A New Day - Blessings for the New Year

The painting I am posting is called 'A New Day'. I thought it would be appropriate on this New Year's Evening. My husband is working tonite, and my two beautiful girls are sleeping. New Year's is not what it used to be for parents of little ones - but that's ok with me, I like to use it as a time of reflection and excitement for a new time.

My wishes for the world are that we awaken to more compassion for one another and begin working together as a unite rather than separately. I think as humans we haven't scratched the surface of our potential. I also speak about myself as I am on this road of discovery every day and learning moment by moment as I venture through my life's journey. I wish for the world true peace. The kind of peace that is contagious and uplifting. I am going to meditate on that tonite - may we all reach our ultimate and highest potentials and learn to communicate from a place of love and kindness.


"The little dissatisfaction which every artist feels at the completion of a work forms the germ of a new work"


-Berthold Auerbach

Tuesday, December 16, 2008

My Vipassana Meditation Practice

I thought that I would start blogging more of my personal life that is so intertwined with the art that comes through me. I have always just written about the art and found it hard and choppy to do and I realize that there's a reason why. I find that the easiest thing to do is just write from the heart and speak my absolute truth. I want to write my story and mix my art in there - so that it's a full picture, a more holistic perspective.

I titled this entry regarding my Vipassana meditation practice since that has been a topic of interest and a personal inspiration in my life. I have been meditating since shortly after my first daughter's birth - she was born in August of 2005. After she was born it took me a lot of energy to adjust since I am not the best person to be sleep deprived! I was exhausted and full of uncertainty. But what I did know was that I wanted to be a calm mother. So I began to meditate and continued a more active regimen of yoga as I started to practice Bikram yoga religiously.

Meditating was great, but I found that a lot of times I would be sitting still and thinking and daydreaming rather than focusing on one object as many types of meditation encourage.
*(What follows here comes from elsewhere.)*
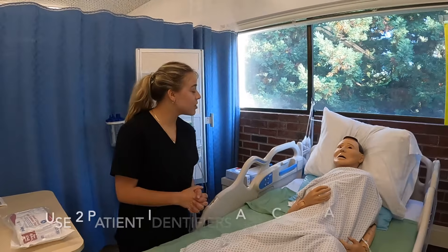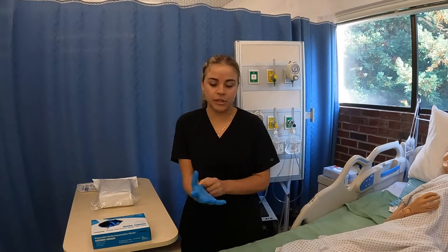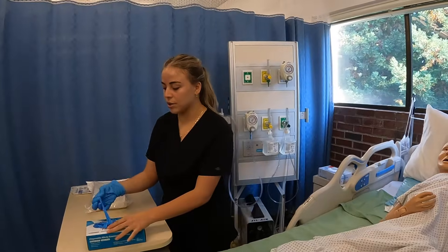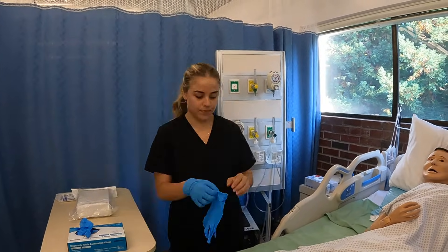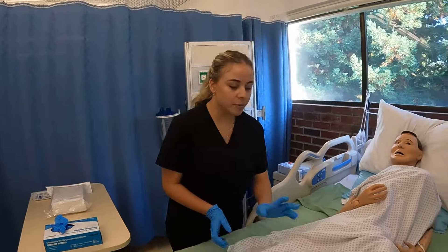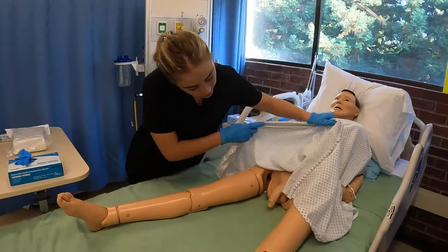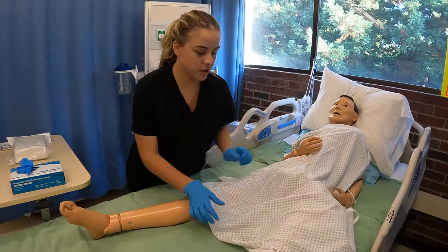Hi Hector, I'm Nurse Samantha, and we're going to be inserting a Foley catheter into you. So after explaining the procedure to the patient and verifying the orders, now we just want to assess the area, making sure that it's clean. I'm just going to lift up your gown. All right, it looks good, so we're ready to start.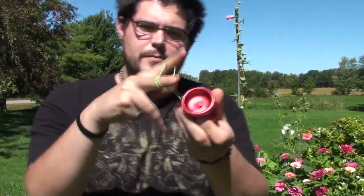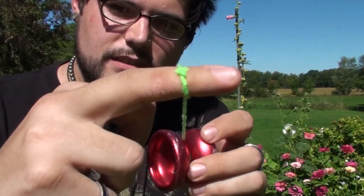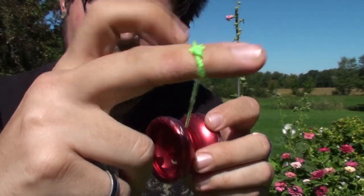Mobius is where you're using the slipknot loop that's around your middle finger. You'll see the thing that's around my middle finger — that's a slipknot loop. You use that loop by opening it up, putting the yo-yo inside it, and doing tricks with it. Now that's just a bland statement about it, because there's so much more about Mobius than meets the eye. This is a little video clip that's going to showcase exactly what I mean.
I recently (a few months ago) learned of a type of meditation called 'Vipassana'. This is the type of meditation that Buddha practiced which had ultimately awoken him to realizing his true essence. I for one am a big fan of the truth! I think that there are so many perspectives to our understanding of life yet there is a truth that is hard for us to see if we internalize and personalize our stories and beliefs - so in order to see this we need to step back from ourselves and our identifications and allow ourselves to be truly objective.

So I began Vipassana and it opened a whole new can of worms...Wow! All of a sudden I had become aware of my insanity by simply observing it. It was unbelievable to me to witness what was happening to my body simply in response to thoughts and feelings. I was starting to recognize that feelings and physical sensations were almost immediately in sync - they actually were in sync, they danced together. I began to recognize my reactions and found that my identification with certain thoughts convinced me that those thoughts weren't there and that they were reality. weird? crazy! I am starting to understand more of what Eckhart Tolle says in his books.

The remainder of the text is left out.